We can find a vector $\overrightarrow{P_0Q_0}$ from a point on $l$ to a point on $m$:
$$\overrightarrow{P_0Q_0} = (x_{m0}+ds-x_{l0}-at,y_{m0}+es-y_{l0}-bt,z_{m0}+fs - z_{l0}-at)$$
The distance of the vector is given by
$$||\overrightarrow{P_0Q_0}|| = \sqrt{(x_{m0}+ds-x_{l0}-at)^2 +(y_{m0}+es-y_{l0}-bt)^2 + (z_{m0}+fs - z_{l0}-at)^2}.$$
In other words, if we let $D$ denote your distance, then 
$$D^2=(x_{m0}+ds-x_{l0}-at)^2 +(y_{m0}+es-y_{l0}-bt)^2 + (z_{m0}+fs - z_{l0}-at)^2 .$$
This may not be the best way to do it. It could be difficult to find a $t$ and an $s$ that fits, and there will probably be several. If you are able to first choose a point on one line, and then find a point on the other line with desired distance, it will be easier and you will only get two solutions (at most).
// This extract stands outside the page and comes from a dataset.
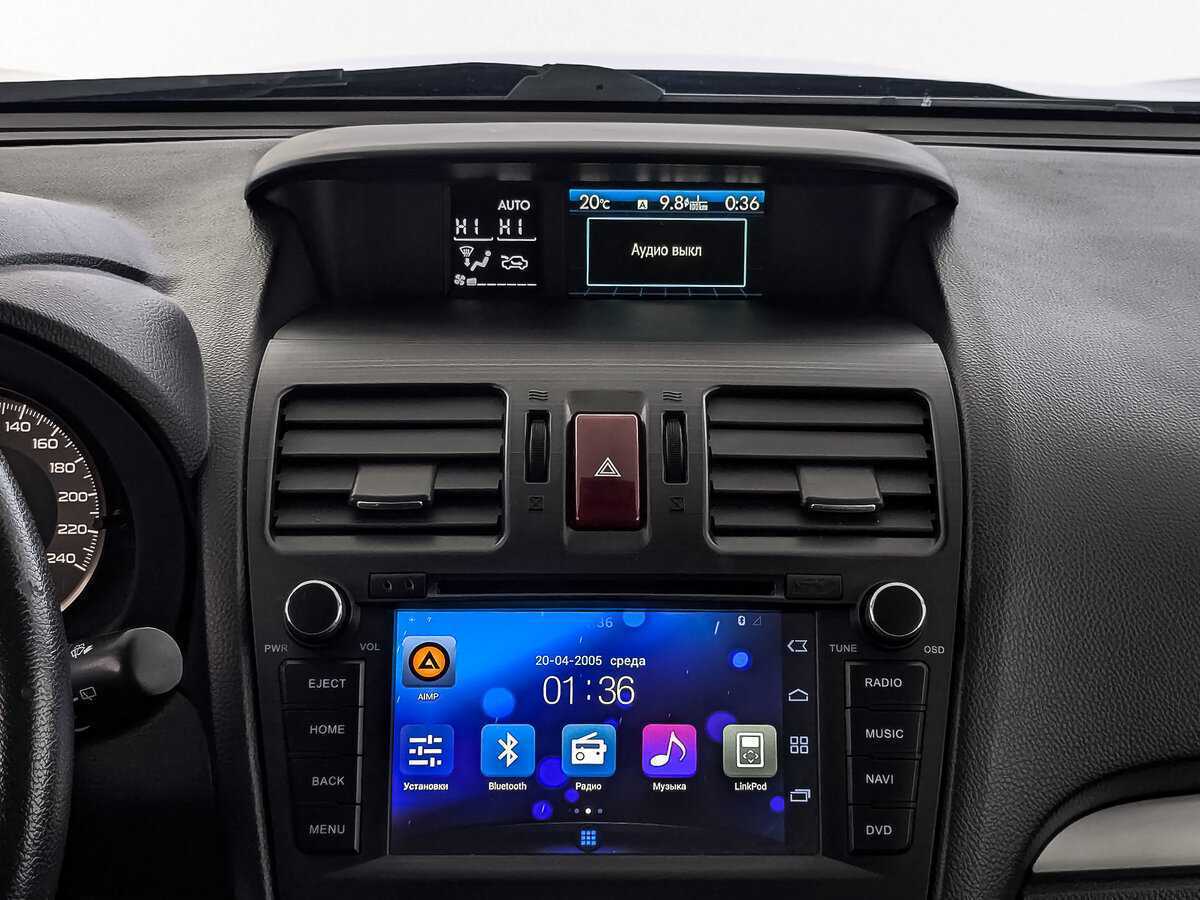 Купить Subaru Forester, 2014, 191 939 км, фото №16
A: In general, this is not possible for all distances. If the lines do not cross, there willl be a minimum distance between the lines which you can never reach below, but you should be able to solve it for all distances equal to or larger than this minimum distance.
Since the general case has been shown by Eivind, I will take the special case where the lines do cross, so a solution is guaranteed.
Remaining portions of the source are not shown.